3- La presenza discreta del compagno di Vendola, il canadese Eddy. Qualcuno ha scritto che era nascosto sotto il palco. Errore: c’era, ma senza mettersi in prima fila, senza buttarsi nella mischia dei fotografi a rilasciare dichiarazioni e interviste. E se fosse invece questo il modello virtuoso che dovrebbero seguire anche le compagne (e i compagni) degli altri leader?
Tra le cose che non mi sono piaciute, invece, ci sono i toni di certe cronache, messianici. Certi paragoni fuoriposto. Un nascente culto della personalità che comincia a infastidire. Vendola farebbe bene a prenderne subito le distanze, con ironia e leggerezza. Come farebbe bene a prendere le distanze da Bertinotti e dai reduci del bertinottismo che lo avvolgono. Dovrebbe criticare anche quell’esperienza, fallimentare almeno quanto la sinistra riformista che il governatore attacca ogni santo giorno. «Non vogliamo più perdere bene, vogliamo vincere bene», ha gridato Nichi dal palco. Bellissimo slogan, però ora deve essere conseguente: lasci Bertinotti al suo narcisismo, alle sue future collaborazioni con il “Giornale”. E volti pagina.

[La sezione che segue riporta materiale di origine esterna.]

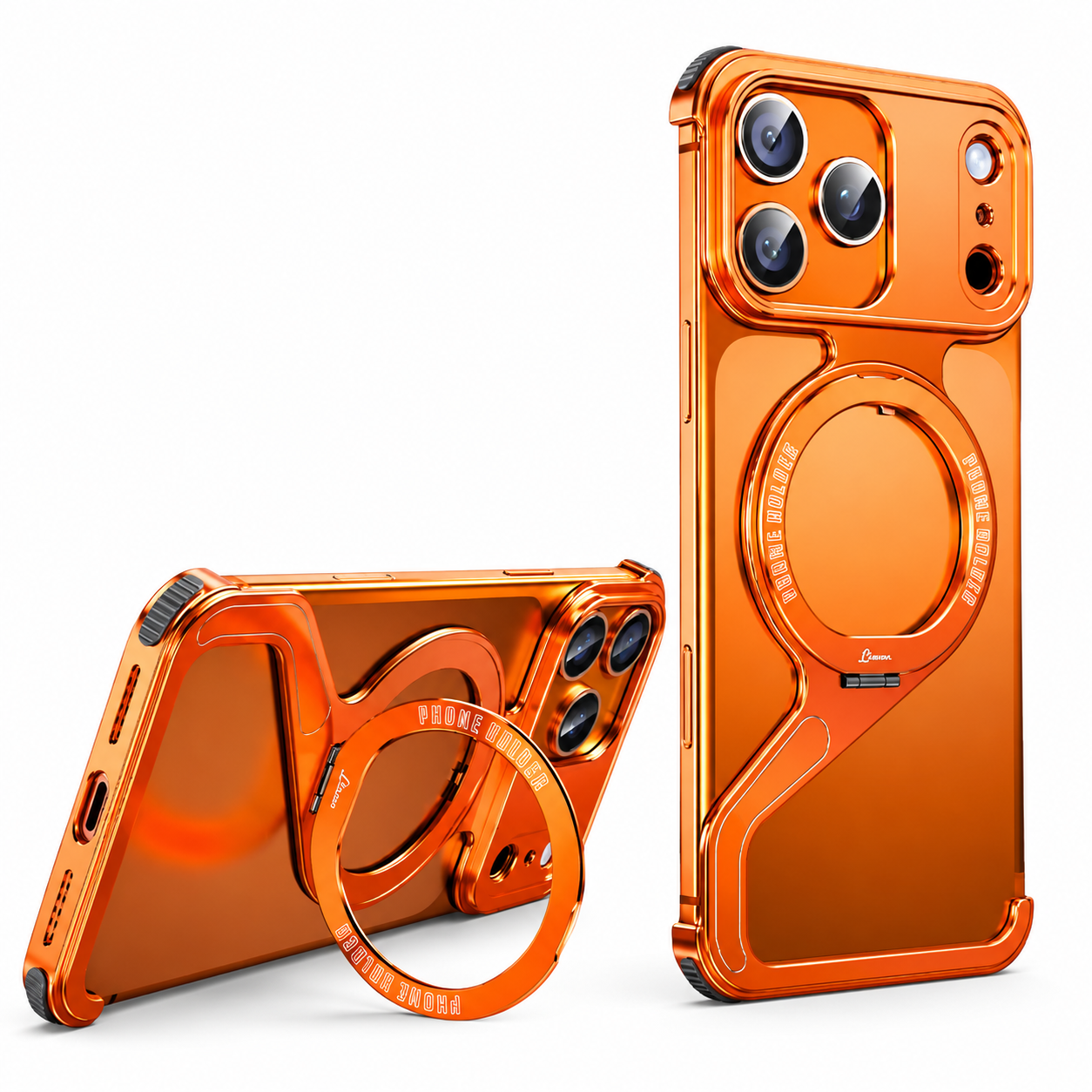 Premium iPhone Case MagSafe Compatible Aluminum Alloy Frame Protective Cover Shockproof Magnetic Metal Design Scratch Resistant Slim Minimal Full Coverage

Per voltare pagina sarà importante attendere un altro fine settimana in programma dal 5 al 7 novembre, alla stazione Leopolda, di nuovo a Firenze. A riunirsi saranno i giovani amministratori del Pd, convocati dal sindaco di Firenze Matteo Renzi e dal consigliere regionale lombardo Pippo Civati.
Li hanno definiti i Rottamatori, gli sfasciatutto. Ieri in tv Lucia Annunziata ha chiamato per tutta la sua trasmissione Renzi il «ragazzo», con una punta di sarcasmo. Dimenticando che nell’aprile 1997 i Tories inglesi avevano preparato un terroristico spot contro l’allora 44enne candidato laburista Tony Blair utilizzando l’argomento della giovane età: «Non affidate a un ragazzo il lavoro di un uomo». Si è visto com’è andata: il ragazzo, The Boy nella biografia di Andrea Romano, ha dominato la scena per più di dieci anni.

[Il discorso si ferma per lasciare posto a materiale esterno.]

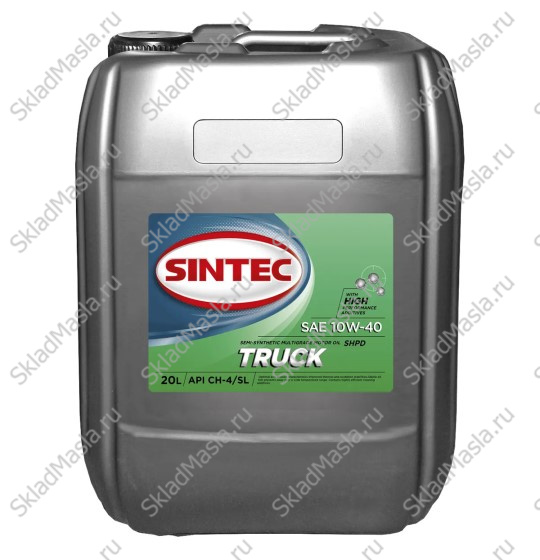 Моторное масло Sintec Truck 10W-40 API CH-4_SL (канистра 20л)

Nel Pd c’è un discreto terrore dei giovani rottamatori (ma non si potrebbero chiamare, semplicemente, innovatori?). Oggi la dalemiana Velina Rossa attacca Vendola e Renzi insieme, li definisce «i nuovi messia che si atteggiano a salvatori della patria». Il punto, però, è proprio questo: cosa succederebbe se Vendola e i boys più interessanti del Pd, Renzi, Zingaretti, Civati, trovassero il modo di darsi una mano anzichè ostacolarsi? Se Firenze uno e Firenze due si scoprissero a parlare un linguaggio comune, anzichè ricalcare schemi antichi, Vendola con Bersani a rifare il vecchio Pci, Renzi a copiare la giovanile arroganza del Rutelli dei tempi d’oro? Questa sì che sarebbe una rivoluzione democratica. Quando esattamente quarant’anni fa, nel 1970, Francois Mitterand diventò segretario dei socialisti francesi mettendo le basi della rivincita della gauche “Le Figaro” commentò: «Finalmente il partito ha trovato un leader e il leader ha trovato un partito». Anche oggi in Italia c’è un popolo che cerca leader e leader che cercano un popolo. Si ritroveranno a Firenze?